Nous avons regroupé les listes électorales, réformé le Conseil supérieur des Français de l'étranger - devenu l'Assemblée des Français de l'étranger -, amélioré les relations avec l'AFE, les sénateurs et les représentants des deux grandes associations représentatives.

Nous avons mis en place des dispositifs pour résoudre dans l'urgence les problèmes de nos compatriotes. Ainsi, en matière d'adoption internationale, les réformes que nous avons adoptées nous ont permis de passer de moins de 1.000 enfants adoptés dans le monde à plus de 5.000 aujourd'hui, originaires de 70 pays. Tout ceci dans le respect bien évidemment de la Convention de La Haye qui proscrit le trafic d'enfants.

En Côte d'Ivoire nous avons rapatrié 10.000 Français dans des conditions difficiles.

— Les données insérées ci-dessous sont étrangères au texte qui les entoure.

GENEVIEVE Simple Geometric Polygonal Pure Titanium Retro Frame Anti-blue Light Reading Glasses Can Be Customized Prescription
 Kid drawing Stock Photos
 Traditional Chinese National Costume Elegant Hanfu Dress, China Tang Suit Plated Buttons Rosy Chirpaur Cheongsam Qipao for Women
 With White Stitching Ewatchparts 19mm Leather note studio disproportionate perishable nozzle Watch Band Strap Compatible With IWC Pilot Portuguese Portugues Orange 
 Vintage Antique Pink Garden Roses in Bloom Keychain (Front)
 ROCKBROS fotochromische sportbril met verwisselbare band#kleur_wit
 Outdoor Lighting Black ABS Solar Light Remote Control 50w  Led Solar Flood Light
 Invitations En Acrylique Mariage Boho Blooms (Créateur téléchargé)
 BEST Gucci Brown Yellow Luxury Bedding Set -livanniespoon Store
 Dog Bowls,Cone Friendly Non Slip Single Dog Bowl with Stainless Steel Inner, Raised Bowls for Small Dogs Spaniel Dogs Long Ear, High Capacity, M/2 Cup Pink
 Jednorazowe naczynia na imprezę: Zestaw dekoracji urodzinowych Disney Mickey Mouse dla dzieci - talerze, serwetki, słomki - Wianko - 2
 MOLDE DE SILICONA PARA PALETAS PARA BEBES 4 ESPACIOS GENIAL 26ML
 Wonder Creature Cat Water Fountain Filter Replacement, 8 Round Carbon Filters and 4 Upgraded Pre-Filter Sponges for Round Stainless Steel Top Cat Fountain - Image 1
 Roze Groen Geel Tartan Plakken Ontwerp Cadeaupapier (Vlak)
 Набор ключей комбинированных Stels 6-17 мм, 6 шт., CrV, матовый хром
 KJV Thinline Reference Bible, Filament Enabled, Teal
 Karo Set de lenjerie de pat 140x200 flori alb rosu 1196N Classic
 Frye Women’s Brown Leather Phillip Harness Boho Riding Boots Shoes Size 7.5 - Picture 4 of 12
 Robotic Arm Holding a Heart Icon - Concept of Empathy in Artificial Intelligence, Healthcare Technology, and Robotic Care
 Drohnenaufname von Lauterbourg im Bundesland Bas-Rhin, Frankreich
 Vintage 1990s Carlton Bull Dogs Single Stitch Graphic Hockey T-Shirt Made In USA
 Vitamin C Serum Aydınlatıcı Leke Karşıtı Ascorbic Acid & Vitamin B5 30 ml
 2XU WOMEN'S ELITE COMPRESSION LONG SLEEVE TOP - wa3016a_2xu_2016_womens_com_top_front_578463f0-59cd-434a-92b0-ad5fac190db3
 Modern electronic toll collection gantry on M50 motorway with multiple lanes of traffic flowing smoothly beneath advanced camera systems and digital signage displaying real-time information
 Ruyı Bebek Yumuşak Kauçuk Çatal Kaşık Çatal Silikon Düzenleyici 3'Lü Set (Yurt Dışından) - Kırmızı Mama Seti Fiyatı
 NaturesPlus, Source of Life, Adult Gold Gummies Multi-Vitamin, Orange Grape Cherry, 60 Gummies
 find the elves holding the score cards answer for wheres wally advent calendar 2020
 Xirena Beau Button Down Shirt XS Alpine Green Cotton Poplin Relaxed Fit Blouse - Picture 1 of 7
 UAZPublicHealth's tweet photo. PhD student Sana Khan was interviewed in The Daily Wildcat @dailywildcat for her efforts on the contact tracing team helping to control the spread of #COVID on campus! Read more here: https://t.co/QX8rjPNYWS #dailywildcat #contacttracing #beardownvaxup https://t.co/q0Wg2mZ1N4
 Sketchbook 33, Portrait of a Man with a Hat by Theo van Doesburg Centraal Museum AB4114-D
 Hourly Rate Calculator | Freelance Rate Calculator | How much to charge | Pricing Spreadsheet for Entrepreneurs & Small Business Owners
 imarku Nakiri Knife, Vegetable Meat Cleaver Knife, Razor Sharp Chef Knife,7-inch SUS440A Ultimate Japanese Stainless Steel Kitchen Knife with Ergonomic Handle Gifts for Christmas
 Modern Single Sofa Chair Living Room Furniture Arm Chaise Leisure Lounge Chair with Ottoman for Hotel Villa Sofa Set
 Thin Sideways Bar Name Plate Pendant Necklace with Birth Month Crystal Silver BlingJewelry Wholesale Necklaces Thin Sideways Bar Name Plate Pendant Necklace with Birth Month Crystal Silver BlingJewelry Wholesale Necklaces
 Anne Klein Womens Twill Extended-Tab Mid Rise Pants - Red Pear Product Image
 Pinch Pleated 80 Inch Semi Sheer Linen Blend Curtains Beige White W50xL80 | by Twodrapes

Nous avons fait face au Tsunami ou à la catastrophe de Charm al Cheikh avec des cellules d'urgence appropriées à chacun des types de catastrophes et de victimes, et sous le regard sans indulgence de la population française.

A chacun des déplacements du ministre, nous nous efforçons d'aider les entreprises à décrocher des marchés et de rencontrer les expatriés à travers le monde.

Il nous faut aussi défendre la francophonie face à la domination anglo-saxonne.

Citons enfin, et pour illustrer la diversité des profils d'expatriés, la démarche de tous nos jeunes qui partent faire de l'aide humanitaire dans le cadre très structuré, très efficace et très professionnel des ONG mais dans des régions terribles du monde. Ils souhaitent préserver leur indépendance par rapport à l'Etat français ce qui est légitime, mais ils ont besoin d'un environnement suffisamment sécurisé pour se déplacer et accomplir leur mission.

Voilà l'ensemble de l'aide politique que nous pouvons apporter.

Je salue à cet égard le travail des élus qui travaillent avec peu de moyens et avec peu d'écoute dans les différents ministères parce que les Français de l'étranger sont très disséminés et offrent des profils très variés dans le monde.

Je suis pour ma part disponible auprès de nos amis Français de l'étranger et de leurs représentants. Nous sommes héritiers d'un grand pays, d'une grande culture, d'une grande Nation, de grands messages politiques, mais nous sommes en position de défense sur les plans financier, économique ou linguistique. Nous manquons de moyens par rapport à l'Amérique du nord. Et nous devons nous fédérer au niveau européen.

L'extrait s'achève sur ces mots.